▸ **Task**: Below are some records. Write out exactly their lines from the one with "Mobiele cocktailbar en caravanbar" through the one with "5183 Sherkston Road, Port", and leave the pictures behind.

▸ **Data for the task**:

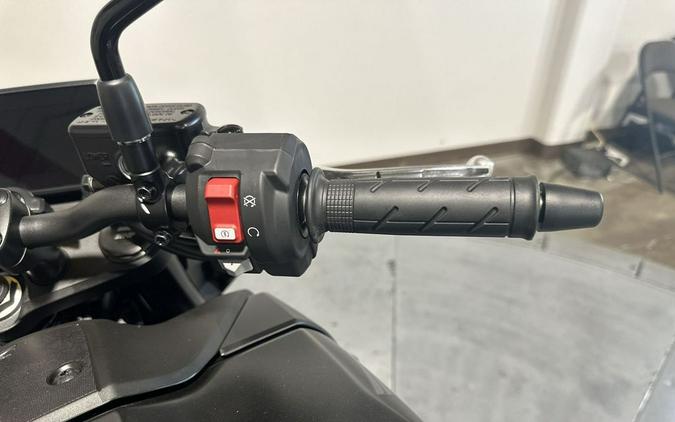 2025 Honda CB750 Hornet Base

==

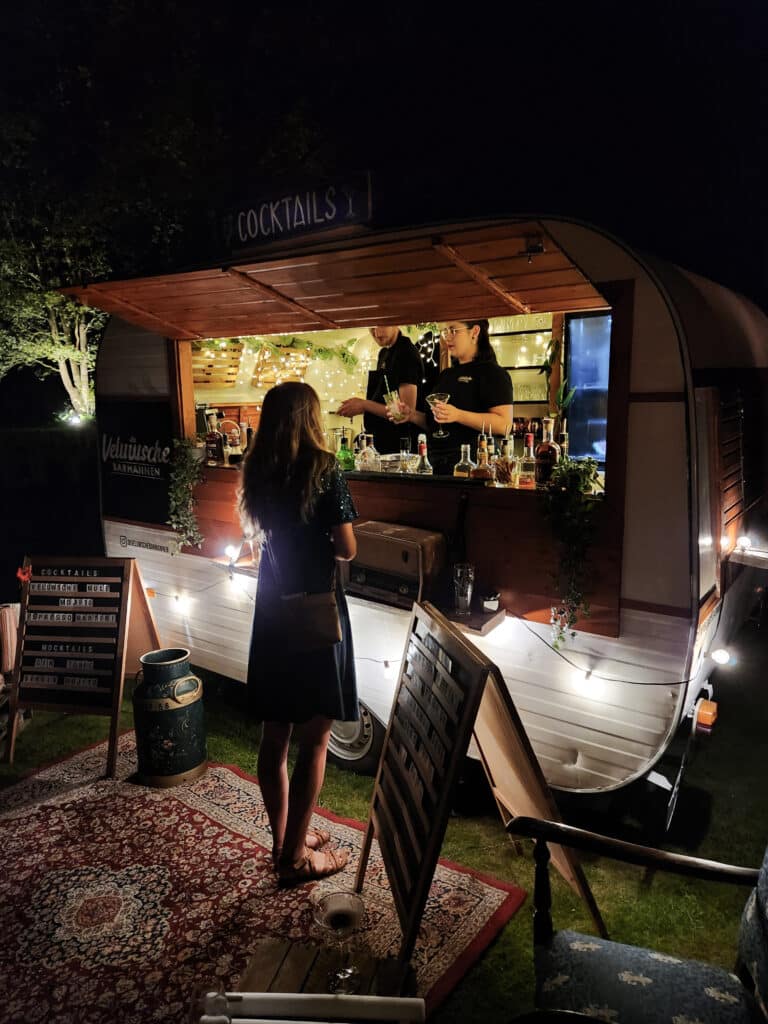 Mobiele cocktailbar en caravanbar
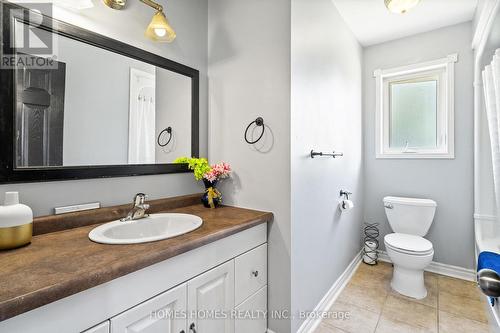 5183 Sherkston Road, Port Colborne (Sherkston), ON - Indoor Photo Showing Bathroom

▸ **Response area**:
 Mobiele cocktailbar en caravanbar
 5183 Sherkston Road, Port Colborne (Sherkston), ON - Indoor Photo Showing Bathroom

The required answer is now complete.